Your instructions:
I would like the records restated word for word, without the pictures.

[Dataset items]
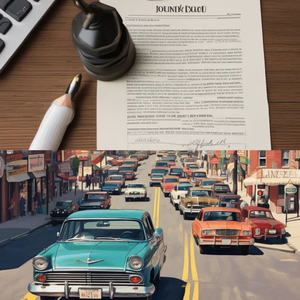 สัญญาเหมือนสัญจร (2) [คล้องความหมายจราจร]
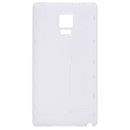 Full Housing Cover (Front Housing LCD Frame Bezel Plate + Battery Back Cover ) for Galaxy Note Edge / N915(White)
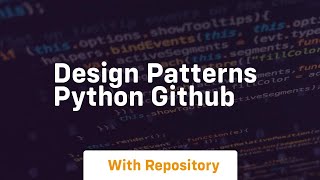 design patterns python github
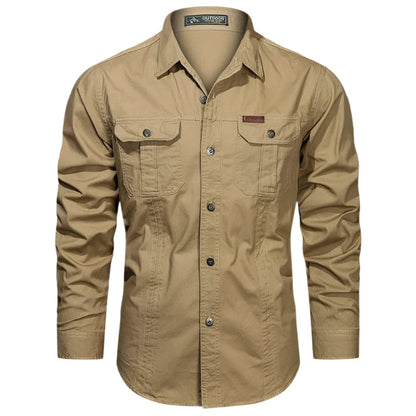 Waylon | Durable Cotton Shirt for Men - Image 10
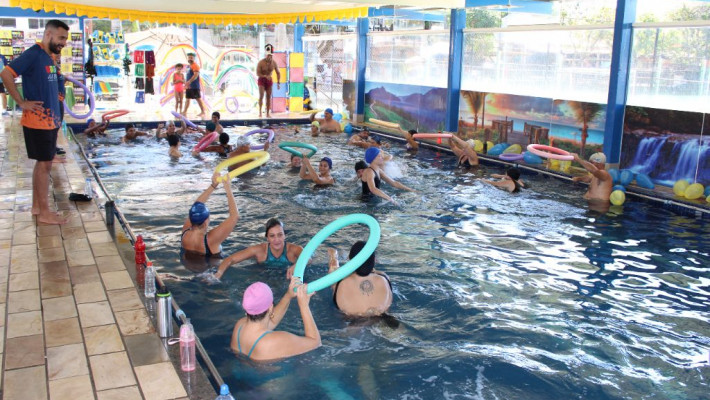 MARATONA DE HIDROGINÁSTICA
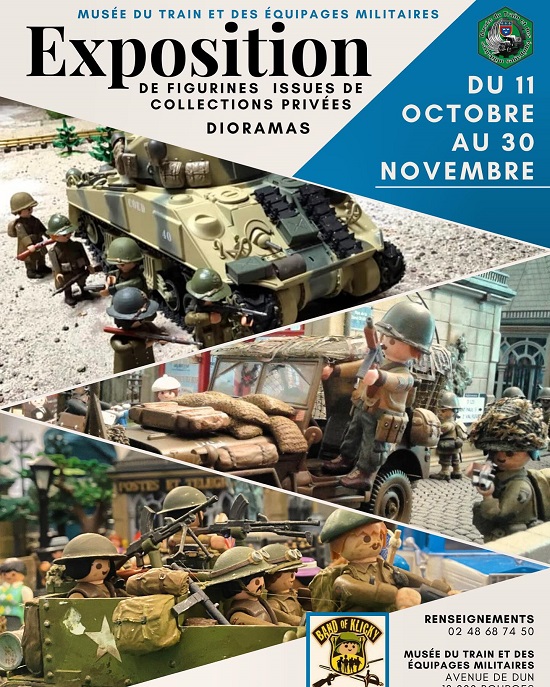 k30 - Jusdqu'au 30 novembre - BOURGES - Exposition de figurines 000_1214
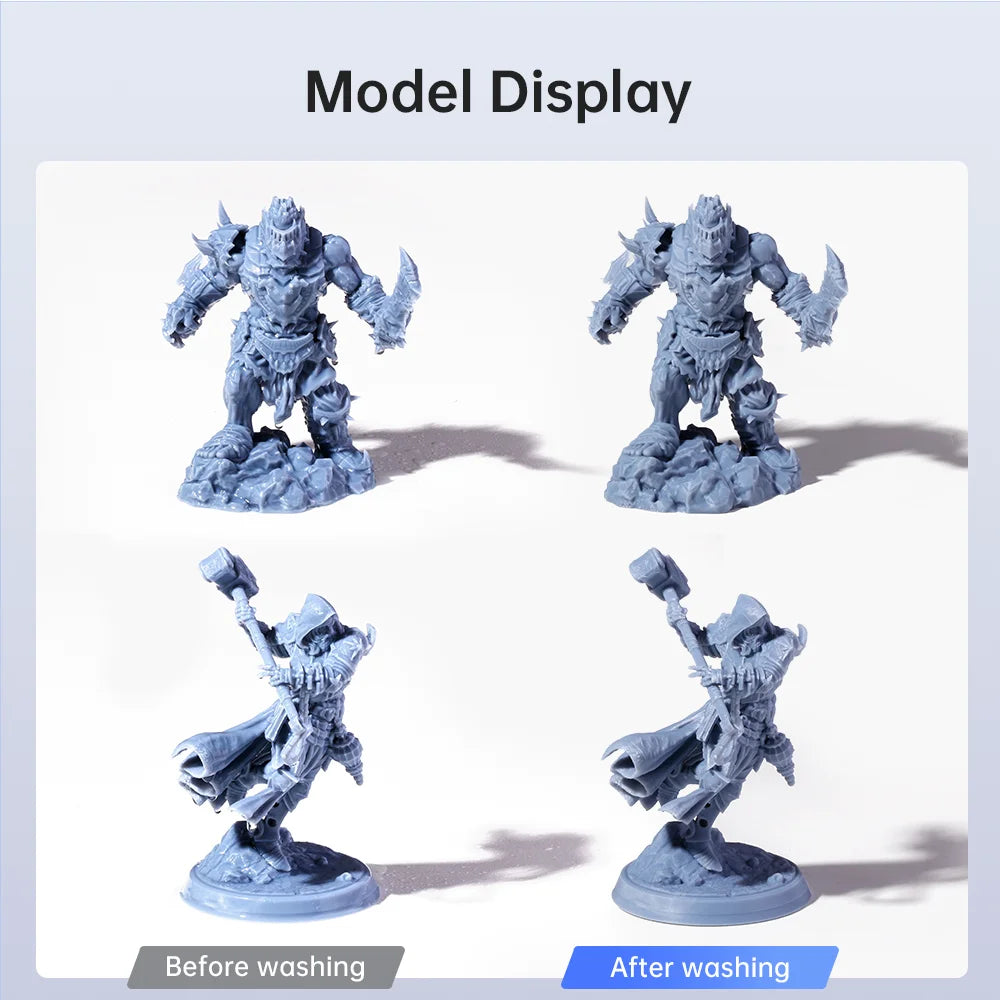 ANYCUBIC Wash & Cure 3  4 Liters Large Volume Washing Curing Machine For LCD DLP Resin 3d Printer For Photon Mono 2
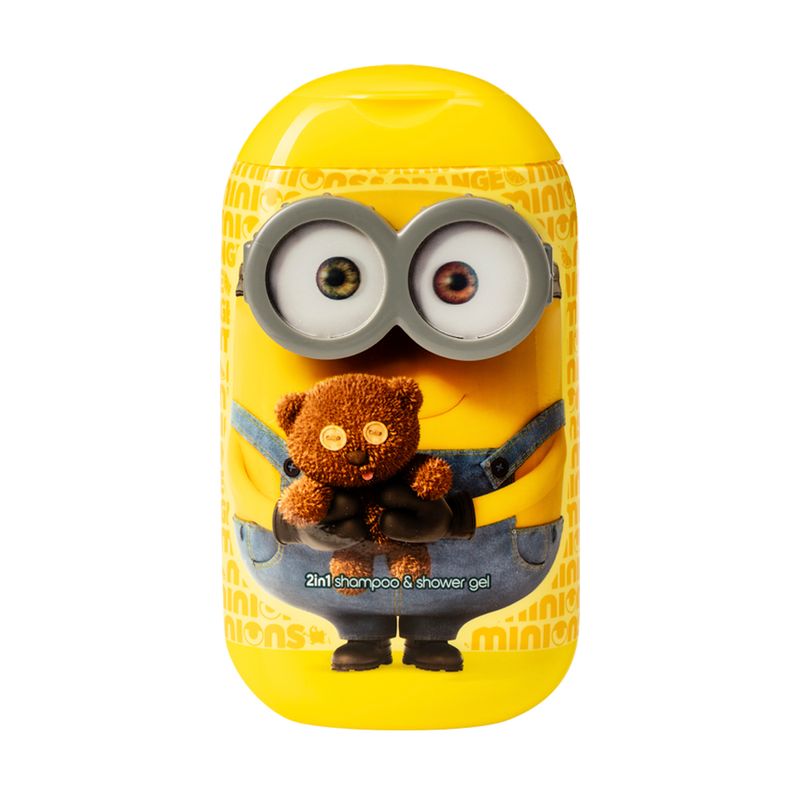 Детский шампунь и гель для душа Universal Minions, 400 мл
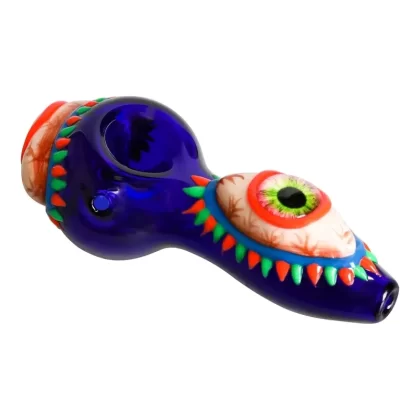 Glowing All Eyes On You Pipe – 4.5in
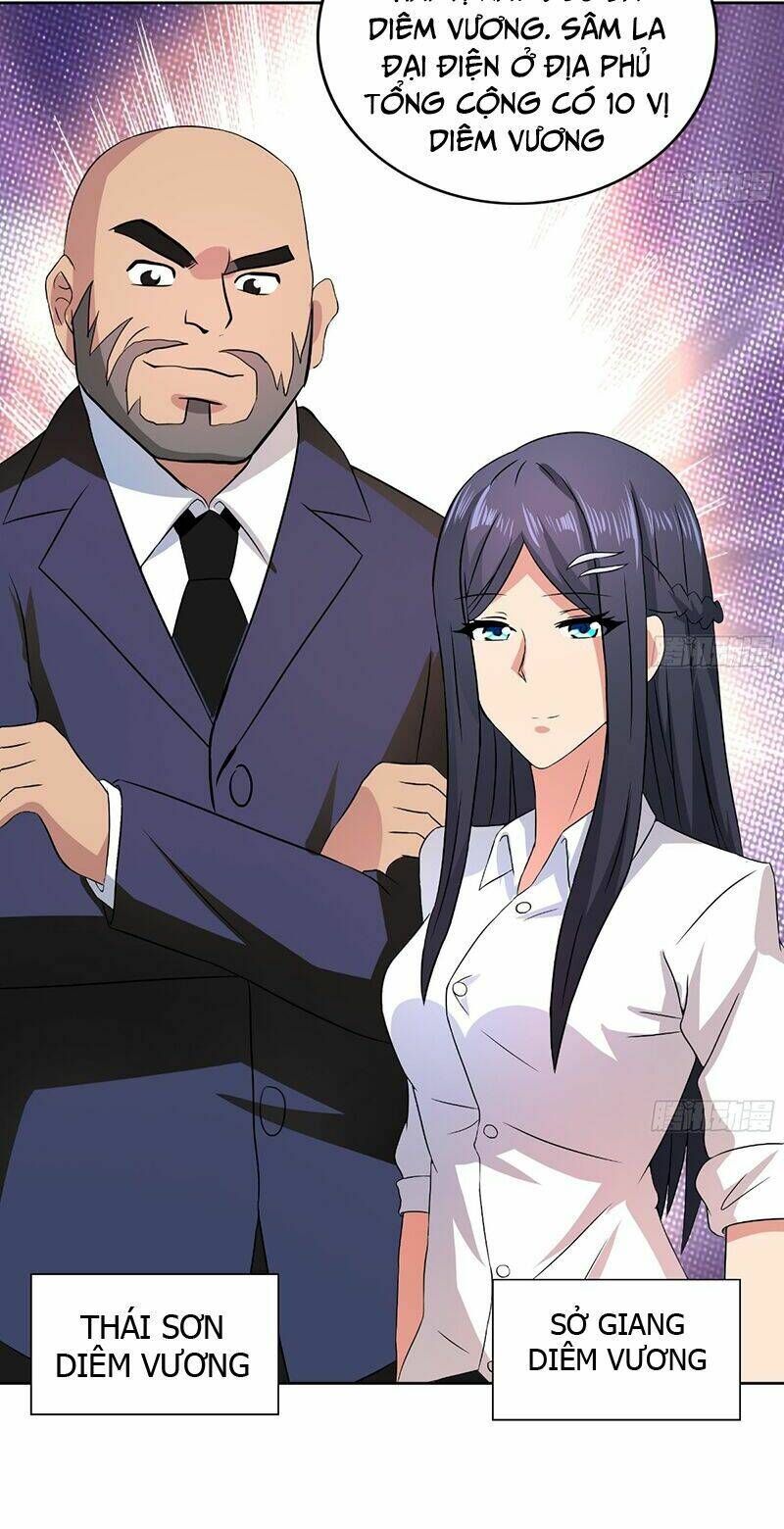 Địa Phủ Hỗn Giang Long: Chapter 22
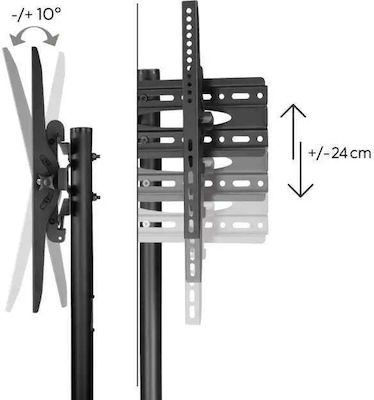 HAMA Wall TV Mount Black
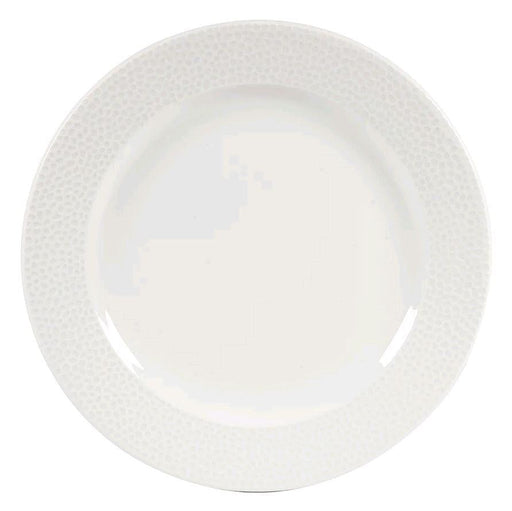 Churchill - Super Vitrified Isla 12 1/8" White Round Dinner Plate WHISIPPB1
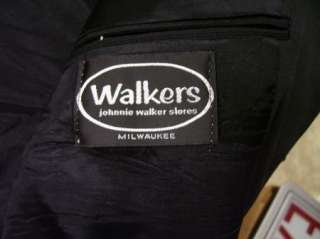 Vtg Johnnie Walker Smokers/Dinner Jacket Suit Sz 40 R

Result for this task:
 สัญญาเหมือนสัญจร (2) [คล้องความหมายจราจร]
 Full Housing Cover (Front Housing LCD Frame Bezel Plate + Battery Back Cover ) for Galaxy Note Edge / N915(White)
 design patterns python github
 Waylon | Durable Cotton Shirt for Men - Image 10
 MARATONA DE HIDROGINÁSTICA
 k30 - Jusdqu'au 30 novembre - BOURGES - Exposition de figurines 000_1214
 ANYCUBIC Wash & Cure 3  4 Liters Large Volume Washing Curing Machine For LCD DLP Resin 3d Printer For Photon Mono 2
 Детский шампунь и гель для душа Universal Minions, 400 мл
 Glowing All Eyes On You Pipe – 4.5in
 Địa Phủ Hỗn Giang Long: Chapter 22
 HAMA Wall TV Mount Black
 Churchill - Super Vitrified Isla 12 1/8" White Round Dinner Plate WHISIPPB1
 Vtg Johnnie Walker Smokers/Dinner Jacket Suit Sz 40 R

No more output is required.